▶ **Task to complete**: Please copy out the entries below exactly, beginning with the line that contains "Cotton Pile Blanket 1/2 (Navy/Burgundy)" and ending with the line that contains "WEKOME Sleep Noise", and include nothing outside that span.

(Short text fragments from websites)
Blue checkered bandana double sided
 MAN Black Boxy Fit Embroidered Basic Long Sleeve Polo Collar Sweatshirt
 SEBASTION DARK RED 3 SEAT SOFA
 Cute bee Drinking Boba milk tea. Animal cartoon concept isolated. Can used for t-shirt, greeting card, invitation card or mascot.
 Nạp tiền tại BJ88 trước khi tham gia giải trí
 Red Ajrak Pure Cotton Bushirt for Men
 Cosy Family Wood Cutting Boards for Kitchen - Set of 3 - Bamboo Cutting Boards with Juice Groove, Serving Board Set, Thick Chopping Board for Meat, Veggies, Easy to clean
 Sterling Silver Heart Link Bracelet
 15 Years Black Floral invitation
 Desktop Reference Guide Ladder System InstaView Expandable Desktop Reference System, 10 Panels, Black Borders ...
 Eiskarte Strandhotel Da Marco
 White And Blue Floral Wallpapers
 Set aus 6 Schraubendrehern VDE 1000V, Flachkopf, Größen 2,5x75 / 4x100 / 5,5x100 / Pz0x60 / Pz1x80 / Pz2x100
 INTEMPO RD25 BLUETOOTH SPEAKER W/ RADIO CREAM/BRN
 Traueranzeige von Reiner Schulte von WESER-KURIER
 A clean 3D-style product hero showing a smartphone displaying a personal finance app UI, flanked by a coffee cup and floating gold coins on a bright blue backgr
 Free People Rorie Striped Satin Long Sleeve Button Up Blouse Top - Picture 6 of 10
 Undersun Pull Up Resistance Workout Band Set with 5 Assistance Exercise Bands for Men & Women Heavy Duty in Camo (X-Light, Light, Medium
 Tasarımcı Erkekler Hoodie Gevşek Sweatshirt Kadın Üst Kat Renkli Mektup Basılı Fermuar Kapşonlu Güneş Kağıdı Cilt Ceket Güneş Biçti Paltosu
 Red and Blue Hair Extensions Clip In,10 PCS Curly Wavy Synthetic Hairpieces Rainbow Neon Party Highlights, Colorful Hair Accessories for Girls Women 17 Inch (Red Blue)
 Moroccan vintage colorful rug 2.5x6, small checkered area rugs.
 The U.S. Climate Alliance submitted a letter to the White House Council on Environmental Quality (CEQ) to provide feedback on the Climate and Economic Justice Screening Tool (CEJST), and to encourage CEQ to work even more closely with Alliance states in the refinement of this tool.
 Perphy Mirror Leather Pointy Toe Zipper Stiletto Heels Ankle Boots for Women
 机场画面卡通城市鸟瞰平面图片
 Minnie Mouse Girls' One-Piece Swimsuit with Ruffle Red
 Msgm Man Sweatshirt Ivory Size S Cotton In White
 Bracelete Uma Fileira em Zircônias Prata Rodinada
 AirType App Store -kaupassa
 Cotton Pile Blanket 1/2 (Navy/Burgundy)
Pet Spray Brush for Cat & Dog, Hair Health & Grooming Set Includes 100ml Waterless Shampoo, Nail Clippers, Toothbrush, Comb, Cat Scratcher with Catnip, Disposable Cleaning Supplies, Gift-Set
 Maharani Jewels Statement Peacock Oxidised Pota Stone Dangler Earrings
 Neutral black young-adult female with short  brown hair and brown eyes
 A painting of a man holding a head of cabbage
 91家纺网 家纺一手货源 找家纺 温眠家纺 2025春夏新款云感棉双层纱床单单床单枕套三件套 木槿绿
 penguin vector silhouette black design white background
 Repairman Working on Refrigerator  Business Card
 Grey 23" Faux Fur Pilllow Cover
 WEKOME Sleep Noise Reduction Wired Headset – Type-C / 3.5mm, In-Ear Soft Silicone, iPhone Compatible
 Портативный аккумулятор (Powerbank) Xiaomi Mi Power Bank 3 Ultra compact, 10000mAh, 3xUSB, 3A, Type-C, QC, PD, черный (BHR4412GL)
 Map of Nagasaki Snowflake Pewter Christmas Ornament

▶ **Answer space**:
 Cotton Pile Blanket 1/2 (Navy/Burgundy)
Pet Spray Brush for Cat & Dog, Hair Health & Grooming Set Includes 100ml Waterless Shampoo, Nail Clippers, Toothbrush, Comb, Cat Scratcher with Catnip, Disposable Cleaning Supplies, Gift-Set
 Maharani Jewels Statement Peacock Oxidised Pota Stone Dangler Earrings
 Neutral black young-adult female with short  brown hair and brown eyes
 A painting of a man holding a head of cabbage
 91家纺网 家纺一手货源 找家纺 温眠家纺 2025春夏新款云感棉双层纱床单单床单枕套三件套 木槿绿
 penguin vector silhouette black design white background
 Repairman Working on Refrigerator  Business Card
 Grey 23" Faux Fur Pilllow Cover
 WEKOME Sleep Noise Reduction Wired Headset – Type-C / 3.5mm, In-Ear Soft Silicone, iPhone Compatible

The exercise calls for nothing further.